Die langfristige Ansammlung von Wasser in ungeprüften Tanks führt zu erheblichen Sicherheitsrisiken und teuren Reparaturszenarien, wobei ruhende Systeme besonders anfällig sind.

Optimale Überwachungspraktiken
  • Ergänzen Sie elektronische Wassermonitore durch Inspektionen durch geschultes Personal und Tests zur Wassererkennung
  • Legen Sie feste monatliche Inspektionszyklen fest, die mit den Filterprüfungen zusammenfallen
  • Führen Sie detaillierte Aufzeichnungen aller Feststellungen und Korrekturmaßnahmen
3. Kraftstofffiltration: Verhinderung des Eintrags von Schadstoffen

Untersuchungen der EPA bestätigen, dass Tanks mit hoher Partikelbelastung – insbesondere Eisenoxid, Biomassefragmente und Korrosionsnebenprodukte – eine starke innere Verschlechterung aufweisen. Durch die Vorlagerungsfiltration werden die Rohstoffe entfernt, die diese zerstörerischen Prozesse vorantreiben.

  • Filtern Sie den einströmenden Kraftstoff, um Wassertropfen, Rost im Transporttank und Verunreinigungen im Verteilungssystem zu entfernen
  • Wählen Sie hocheffiziente Filter, die für die gleichzeitige Partikel- und Wasserentfernung ausgelegt sind
  • Implementieren Sie eine konsistente Überwachung der Kraftstoffqualität auch mit robusten Filtersystemen
4. Professioneller Serviceauftrag: Korrosionsbewertung durch Experten

Wenn Korrosion vermutet oder entdeckt wird, sollten Tankbesitzer umgehend die UST-Servicespezialisten für eine umfassende Beurteilung konsultieren.

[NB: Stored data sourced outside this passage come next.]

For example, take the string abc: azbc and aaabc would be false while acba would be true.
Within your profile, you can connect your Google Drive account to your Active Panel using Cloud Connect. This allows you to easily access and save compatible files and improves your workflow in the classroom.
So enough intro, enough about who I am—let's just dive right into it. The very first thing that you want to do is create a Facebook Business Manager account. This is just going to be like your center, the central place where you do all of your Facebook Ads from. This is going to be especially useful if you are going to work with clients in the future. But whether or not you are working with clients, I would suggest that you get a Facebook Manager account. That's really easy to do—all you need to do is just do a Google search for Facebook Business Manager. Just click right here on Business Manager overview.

Die EPA betont, dass den meisten Betreibern die technischen Ressourcen fehlen, um Korrosionsschäden intern ordnungsgemäß zu beurteilen oder zu reparieren.

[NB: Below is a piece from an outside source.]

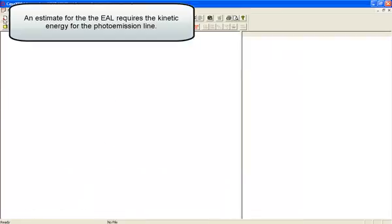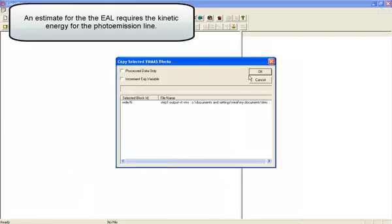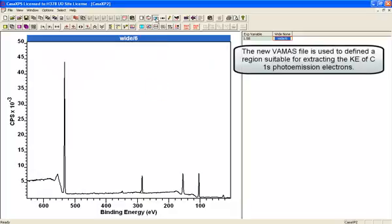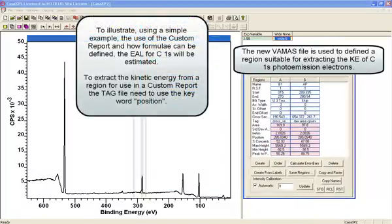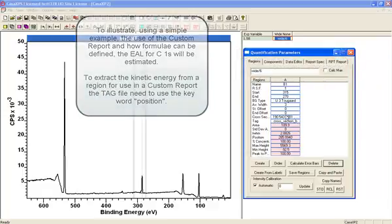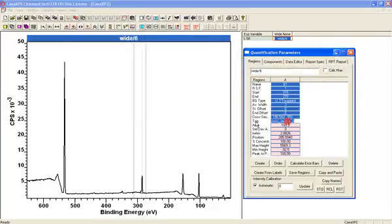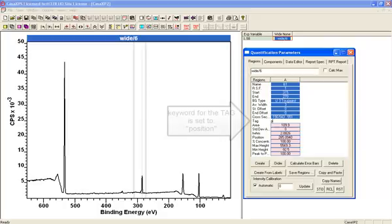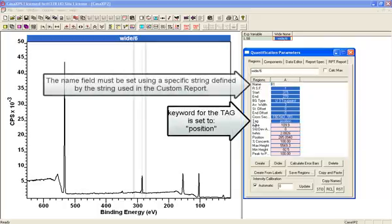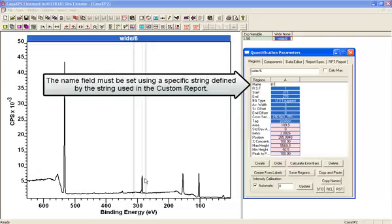what I'm going to do is copy that VAMAS block into a new file so that I can make a small adjustment to the definition. We only need the one region and I'm not interested in the cross section now. What I'm interested in is the kinetic energy for the peak we're going to use to work out the film thickness, namely the Carbon 1s.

5. Rechtzeitige Reparaturen oder Ersatz: Vermeidung von Umweltgefahren

Die Behörde legt besonderen Wert auf sofortige Aufmerksamkeit für korrosionsgeschädigte Lecksuchgeräte, da beim Ausfall beschädigter Komponenten die Gefahr einer umweltkatastrophalen Kraftstofffreisetzung besteht.

6. Biozide und flüssige Korrosionsinhibitoren: Doppelter Schutz

Die abschließende Empfehlung der EPA befasst sich mit der direkten chemischen Intervention durch zwei komplementäre Behandlungen:

Biozidanwendung
  • Unverzichtbar sowohl für die Beseitigung bestehender Mikrobenkolonien als auch für die Verhinderung zukünftiger mikrobiologisch beeinflusster Korrosion (MIC)
  • Wählen Sie Produkte basierend auf der Abtötungsdauer (optimale 4-wöchige Wirksamkeit), der Integrität der Kraftstoff-/Wasserphase und der pH-Beständigkeit aus
Flüssige Korrosionsinhibitoren
  • „Filmbildende Amine“ bilden in winzigen Konzentrationen (Verhältnisse 1:10.000 bis 1:20.000) schützende Oberflächenschichten.
  • Hochleistungsinhibitoren wirken zusätzlich als Schlamm-/Biomasse-Dispergiermittel und reinigen Tanksysteme nach und nach
Richtige Umsetzung

Eine wirksame chemische Behandlung erfordert geeignete Anwendungsmethoden – entweder Direkteinspritzung oder Additivverteilung während der Kraftstoffrückführung – und kann von professionellen Servicepartnern profitieren, die umfassende Kraftstoffwartungsprogramme anbieten.